多彩な産業を支える
世界最高クラスの技術力
大阪ラセン管工業は、1912年(明治45年)の創業以来、110年以上にわたりフレキシブルチューブやベローズなどの金属製チューブを製造してきました。柔軟性があり、耐熱性・耐久性・気密性に優れていることから、鉄鋼、造船、石油化学、ガス、水道、電力などの基幹産業から半導体製造装置や原子力などの先端技術分野まで、国内外の幅広い産業で使用されています。例えば、石油化学プラントで、地震による振動や温度変化による配管の伸縮を吸収する役割を担うのも当社のチューブです。近年では、水素燃料電池車(FCEV)に水素を供給する水素ステーションにて高圧水素を安全に通すために使用されているほか、宇宙開発分野ではISS(国際宇宙ステーション)の実験装置やH3ロケットのエンジンにも採用されています。当社の金属チューブは「細さ」「耐圧性能」「柔らかさ」で世界最高クラスを誇ります。この3つの強みは、長年の経験と技術を土台に独自の発想と挑戦により生まれたもので、競合他社が容易には追いつけないほどのレベルにあります。「細さ」を極めた内径1.6ミリの金属製チューブ「Micro Mini Flex(マイクロミニフレックス)」は、ギネス世界記録の認定をめざして、現在、申請手続きの真っ最中です。
「超極細」と「新機能」の新製品を
大阪・関西万博へ出展
当社の2025(令和7)年の最大のニュースといえば、大阪・関西万博への出展です。私たちが掲げたテーマは「医療」と「宇宙」。医療分野はこれまでよりもさらに内径の小さなフレキシブルチューブ、宇宙分野はたためるホースを新開発し公開しました。フレキシブルチューブは、内径1.6ミリでもギネス世界記録に挑戦できる細さですが、さらに細く内径1ミリを実現。
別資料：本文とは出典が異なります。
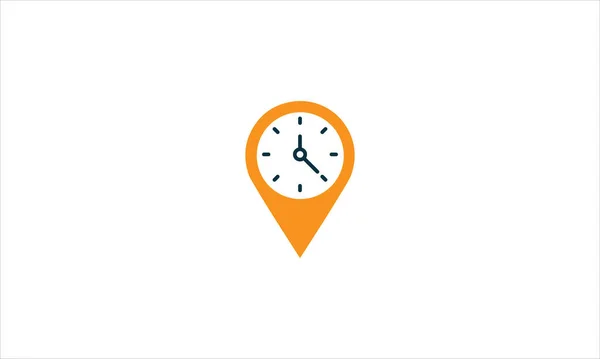 Ubicación Reloj Vector Icono Logotipo Silueta Estilo Vector Ilustración Diseño — Archivo Imágenes Vectoriales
「NANO Flex(ナノフレックス)」と名づけました。以前から、注射針のように金属製の極細パイプは存在しますが、私たちの新製品はしなやかで気密性もある金属のチューブ。血管の中を通るカテーテルのような用途が考えられます。一方のたためるホースは、ストローの蛇腹のような構造で、2倍の長さに伸ばすことが可能です。こちらの名前は「ORIGAMI(オリガミ)」。宇宙ロケットに積載されるものはすべて「より小さく」「より軽く」が求められており、当社の技術が役立つのではないかと思います。万博という歴史に残る大舞台でのお披露目をめざして、数年前から開発を進めた2つの新製品。展示は大盛況のうちに終了し、期間中には従業員も会場に足を運び、大きな刺激を受けました。今後は、医療分野や航空宇宙分野に加え、食品分野や農業・畜産分野にも可能性が広がっていると感じており、さまざまな展示会に積極的に出展していきたいと考えています。
質の高いものづくりを支える
働きやすい環境と開かれた社風
社内は風通しが良く、若手も積極的に意見を出し、アイデアを実現しやすい環境です。2年に1度の社員旅行やカジュアルデー、プレミアムフライデーなど、働きやすさを重視した取り組みも充実。社員旅行は毎回、全員の投票で行き先を決定し、最近では神戸・大阪や北海道が選ばれました。また、作業着のデザインにも従業員の意見が反映されているように、日々の業務においても「こんな設備を導入したい」「この認証を取得すべき」といった声が取り入れられています。従業員の学びを支援するため、大学院への研究員派遣制度も始まっています。参加者は当社に籍を置いて給料を受け取りながら、東北大学で金属に関する研究開発を行っており、商品化に繋がる成果も出ています。施設の面では、静岡工場の建て替え工事が進行中で、2028(令和10)年には冷暖房完備の働きやすい工場が完成する見込みとなっています。